I guess my starting point is to work out how long the metal needs to
be when it is 5mm thick, which will make it 83.3% of what I need to
order of the 6mms thick metal.

I’ve looked through books I have (including Oppi Untracht!) and done
a Google search and still can’t get to a formula to tell me what I
need to order of the 6mm to take account of the metal thickness, so
any help you can give me would be much appreciated. Wish I’d paid
more attention in Algebra at school!

Best wishes,
Anna Williams

The same math applies to rings as bangles. Go to the Rio Grande,
Hoover and Strong or other suppliers sites and they will give you
advice in ordering the correct length of material for a ring based on
the thickness of the material. You are basically taking the inside
circumference of the circle and adding 3.14 X the thickness of the
material to that length to account for the compression that occurs
when you form the material and solder it.

We make cuff bracelets and the same math applies to cuffs.

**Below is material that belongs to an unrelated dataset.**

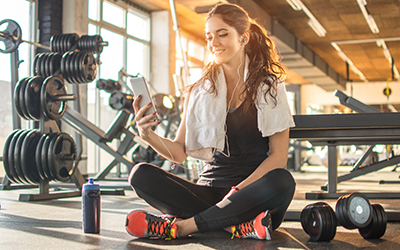 woman rests on gym floor after completing her exercise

Over the
years, we have figured out a sizing system based on the length of the
material before it is bent. We do have to compensate for thicker
material and sometimes wider material than average. As a suggestion,
go to the hardware store and buy some copper wire. You will need at
least 4 gauge to equal your 6MM stock. Work with the copper until you
get the size that you want.

Lay it out flat again, measure it, add a bit and that should give
some idea how much to buy. 6X6 in silver will be expensive, in gold,
even more. Good luck. Rob

Hello Anna, The formula is the same for a ring. bracelet, or bezel:
the diameter plus the thickness times pi.(20 +6x 3.14=81.64mm) If
you are cutting a length of metal to curve around a mandrel, you
should cut it a bit short (for a bracelet, about 3mm) because it
will stretch when you hammer it to shape. Have fun. Tom

Are you talking about a closed bangle or one with a gap in it. H

I find that formulas and math is not my best bet in these
circumstances. I approximate the length in one of two ways:

1: make a copper model in the dimensions required and then cut it
and stretch it out. This will be your blank.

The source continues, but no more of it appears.